One last push to his luck then, hardly worse than a gambler’s last chip except that the consequences of failure were somewhat more certain. Either way he’d have what he wanted—survival or, in the brief incandescence of friction’s heat, a declaration of his passing.
A waste disposal cylinder will carry the equivalent of about three tons of refuse. Its motor is designed to decelerate that mass by 1,075 mph in order to allow it to assume a descending orbit.
Less the greater part of the customary mass, it should be considerably more effective, and since he was already in what constituted a descent path, but for a few miles and a little extra velocity, there would not be the long fall afterwards to pick up what he’d lost.
From there on his plan entered the realm of pure hypothesis; except for the broad detail the rest depended on luck and whatever freakish conditions might arise in his favor during the operation. These, too, would be beyond his control and any move to take advantage of them would have to be instinctive, providing he was in any shape to do so.
The tendency to gnaw worriedly at a thousand disturbing possibilities drowned quickly in a rapidly rising sense of reckless abandon that possessed him. The prospect of positive action of any sort served to release any tension left in him and almost gayly he moved to set his plan in action.
He jimmied the timer on the rocket motor so it would fire to the last drop. The string of ribbon chutes he reeled in hand over hand stuffing it into the cylinder, discovering in the process why the chute Section hands at Base wore that harried look. The mass of slithering, incompressible white-and-yellow ribbon and its shrouds resisted him like a live thing; in the end Johnny managed to bat and maul the obstreperous stuff down the length of the tank.
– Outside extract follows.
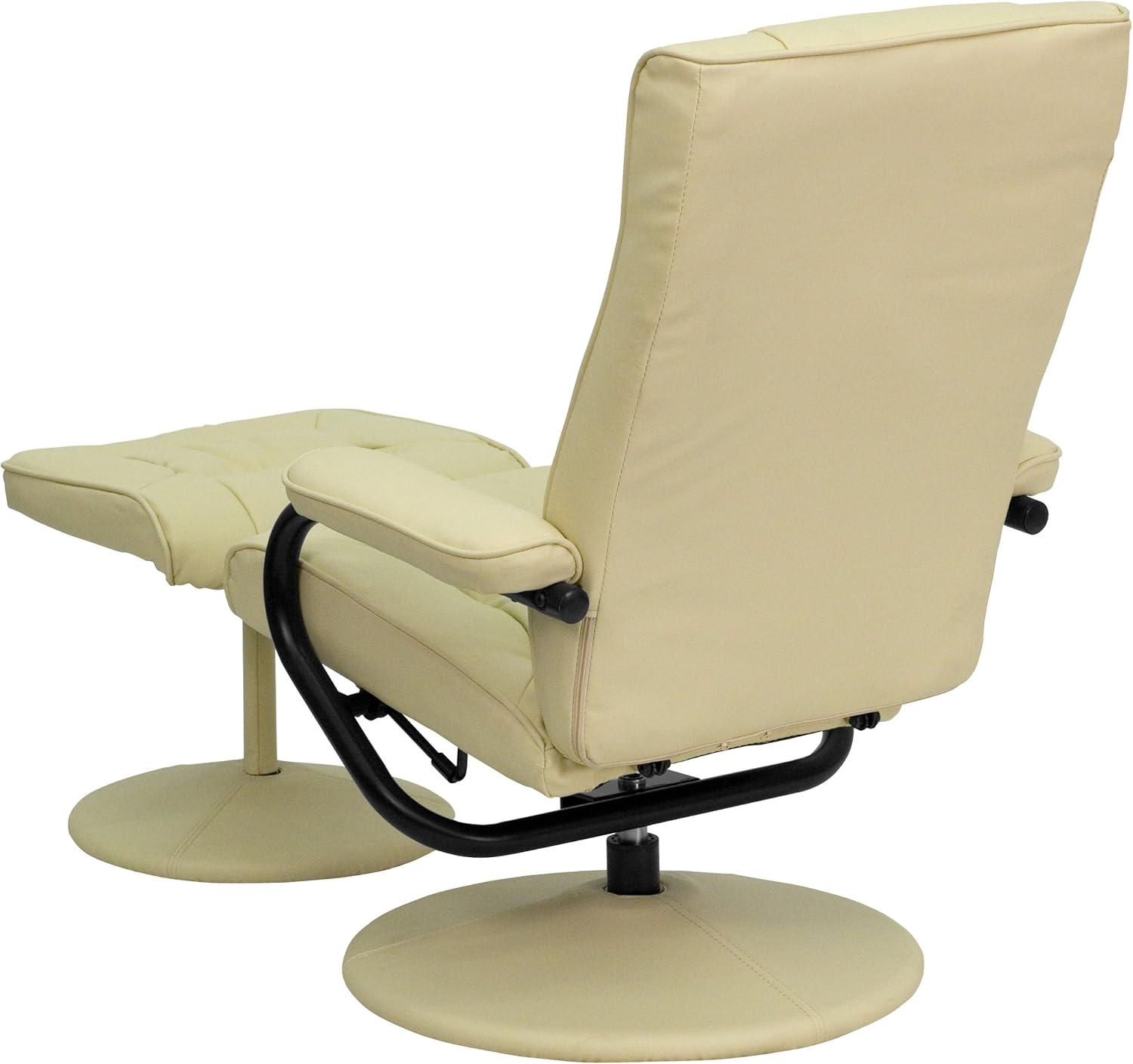 Cream Leather Swivel Recliner with Ottoman and Metal Base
Even so, it filled it to within a couple of inches of the opening.
Now he cut off a length of his life line and attached one end to the spring-loaded trigger release on the motor control, leaving enough to trail the length of the cylinder and double back inside when he wanted it. He blessed the economically minded powers that insisted on manual firing control on these one-shot units instead of the complex radio triggers beloved of the technical brains.
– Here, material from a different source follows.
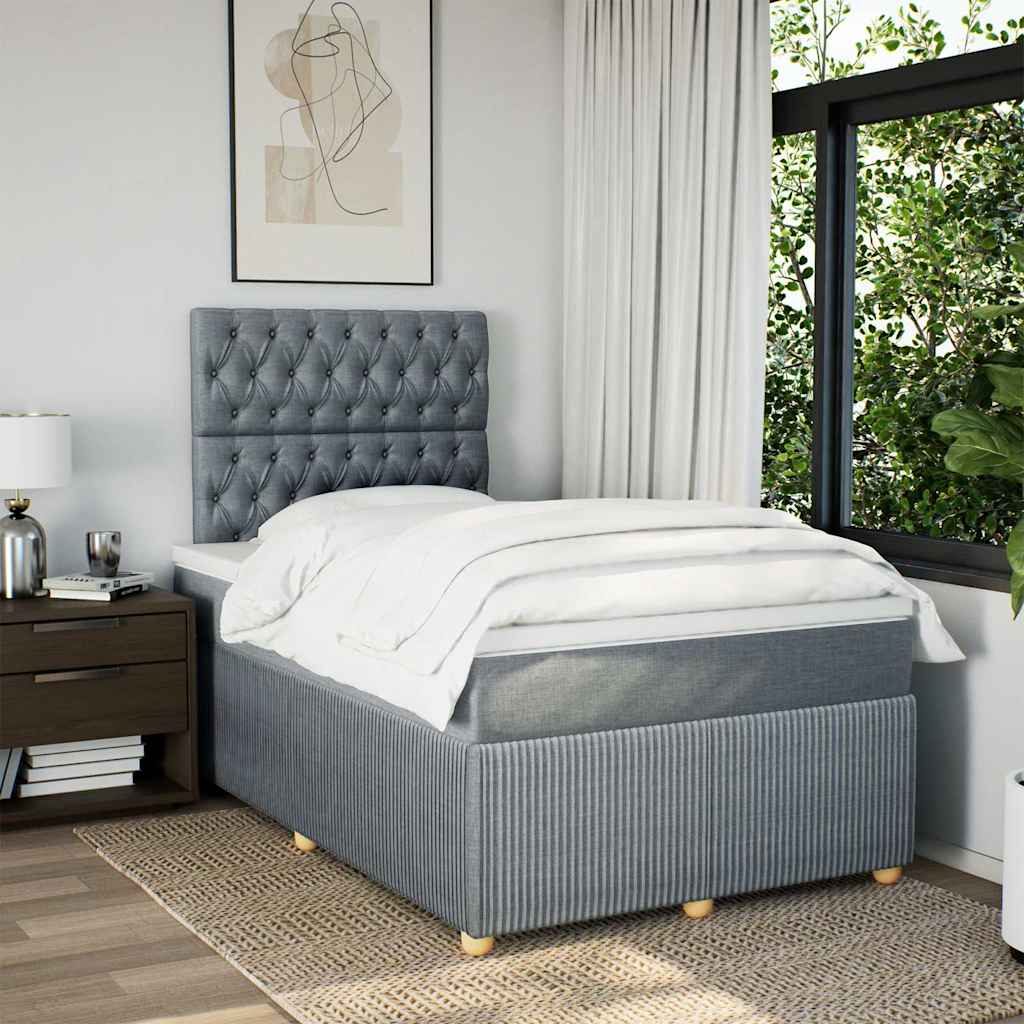Giroletto a Molle con Materasso Grigio Chiaro 120x200cm Tessuto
Making fast to the chutes was a major problem but eventually he managed a makeshift harness of the remainder of the safety line. He wound it awkwardly around himself with as many turns as possible, each returned again and again through, the ring at the end of the master shroud.
By now he was casting anxious glances at the Earth below, aware that he must have passed apogee several minutes before and that not more than some twenty minutes were left before the low point of this swing would be near. He was grimly aware also that it must be this time or not at all. The air telltale was well through the yellow band and the next possible chance after this one was an hour’s time away, when conditions inside the suit would be getting pretty sticky.